The show itself does not ever ask that question — not directly. Its glossy surfaces are fully invested in maintaining the perfect bubble of its franchise, because The Bachelor and its massive supporting landscape of media are what create and sustain its fans — it’s Bachelor nation. But the very existence of the supporting tabloid coverage, which usually focuses on either building or dismantling a couple’s Bachelor mythos, constantly undermines the authenticity of the relationships depicted on the show. It pokes holes and casts doubt, and yet the show rolls on season after season, mostly unchanged. So does it matter if the love is real? Probably not.
In perhaps its most modern twist, The Bachelor gets to have both the happy ending inherent to its genre and the inevitably unhappy aftermath. We watch the couple embrace each other joyfully, and then we need only stay tuned for After the Final Rose to watch them sit uncomfortably next to one another on a sofa. If you prefer the modern rom-com that finds love but then shifts to the mundane facts of reality — shows like Jane the Virgin or Catastrophe — you can follow the Instagram accounts of those couples who have actually made it. Their insistence on living normal, everyday lives will remind you that the romantic comedy is always a construct … until their sponsored content posts undermine that revelation yet again.

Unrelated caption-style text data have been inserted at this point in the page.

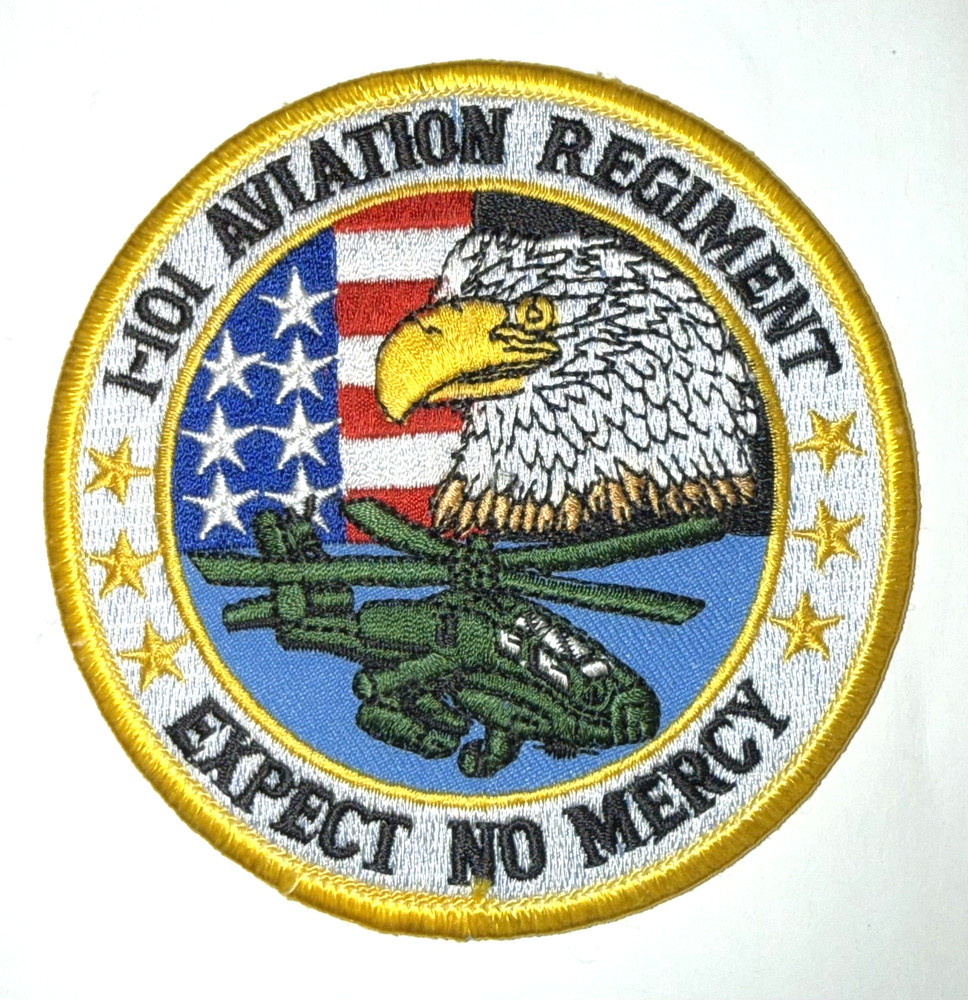 US Army:  1st Battalion, 101st Aviation Regiment Flight Uniform Patch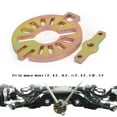 thumbnail image 2 of Pinion Flange Holding Tool Holder Yoke Wrench Ring Rear End Axle Nut, 2 of 12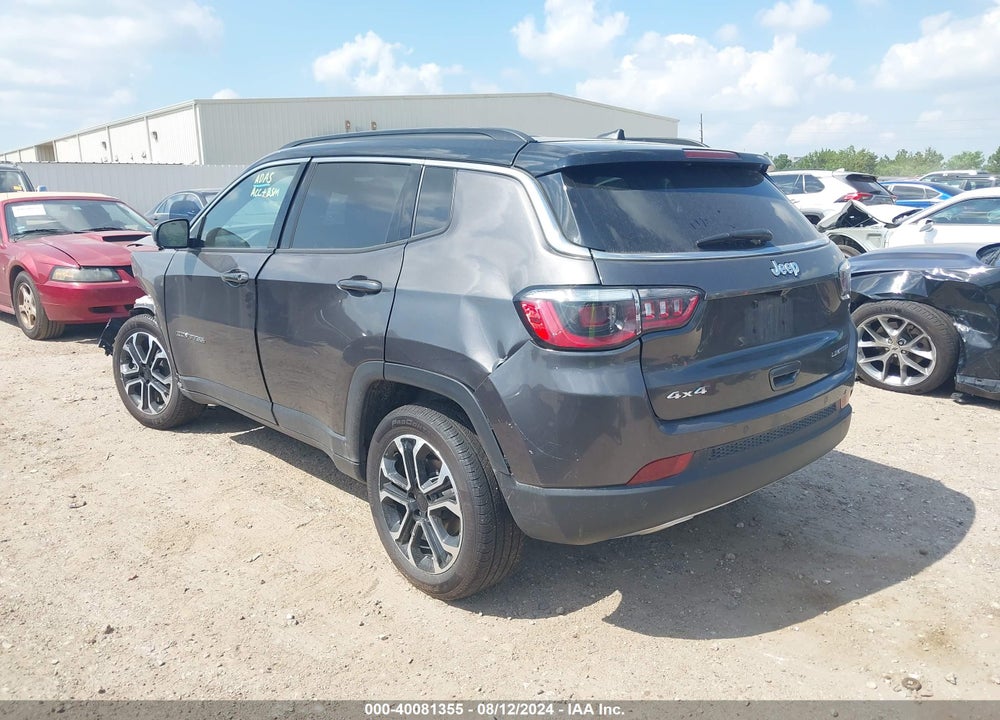 2023 JEEP COMPASS LIMITED 4X4 VIN: 3C4NJDCN8PT569158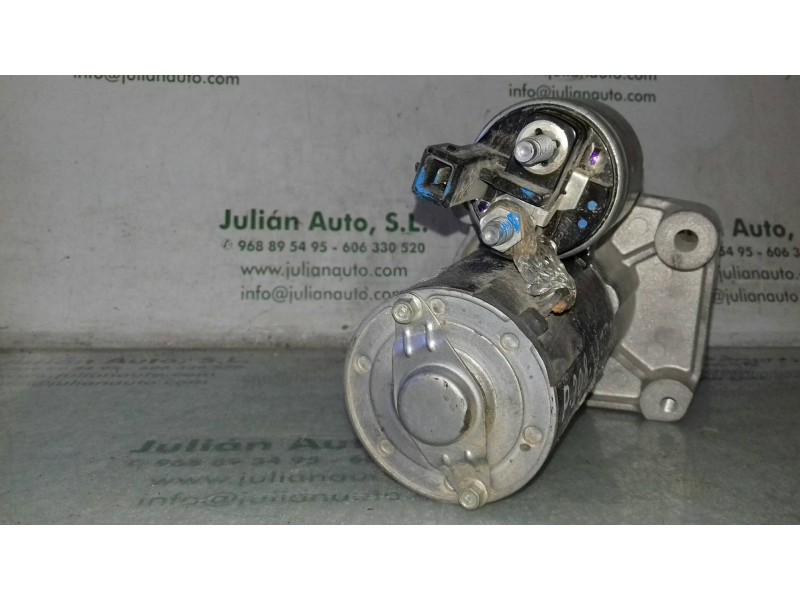 Recambio de motor arranque para peugeot 208 allure referencia OEM IAM 9674077280 ESM18E8 VALEO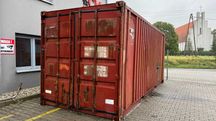 Kontener morski 6, 6058 mm x2438 mm x 2591 mm, 32,7m3, 24000kg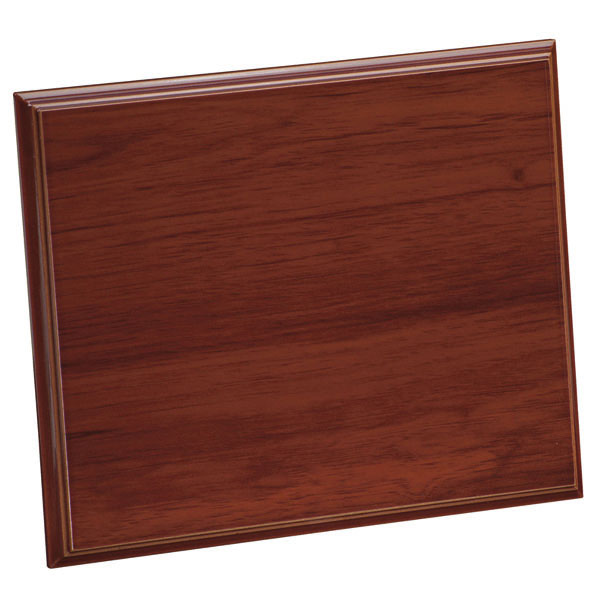 Madera grande 26x21 - color nogal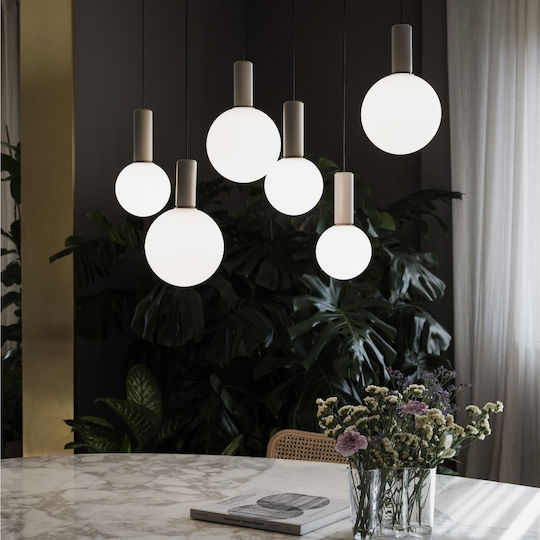 Ideal Lux Sp3 Κρεμαστό Φωτιστικό Λευκό LED Ράγα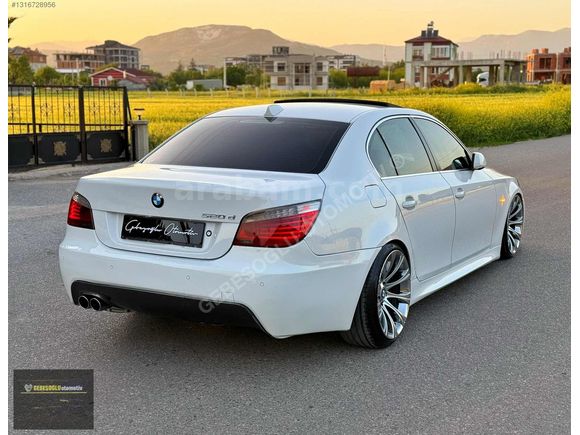 HATASIZZ/JOYSTİCK/LCİ/M5/K.ISITMA/MAKAM PERDE/ALPİNE WHİTE E60.5
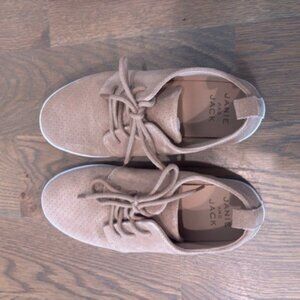 Janie and Jack Suede Lace up shoes - Size 3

It’s the combination of all of this — all the messiness, emotion, ambiguous motivation, and fame thirst harnessed within the drumbeat regularity of each season finale — that makes The Bachelor the quintessential rom-com of our time, or at least, the rom-com we deserve. It’s the one that best combines all the modern brand awareness and self-conscious performativity with the old fairy-tale dream. It marries the genre’s tried-and-true structure of matchmaking and resolution with the self-awareness and ambiguity of the modern rom-com. It is a mess. It is pristine. It is true love. And if it’s not, there’s always next season.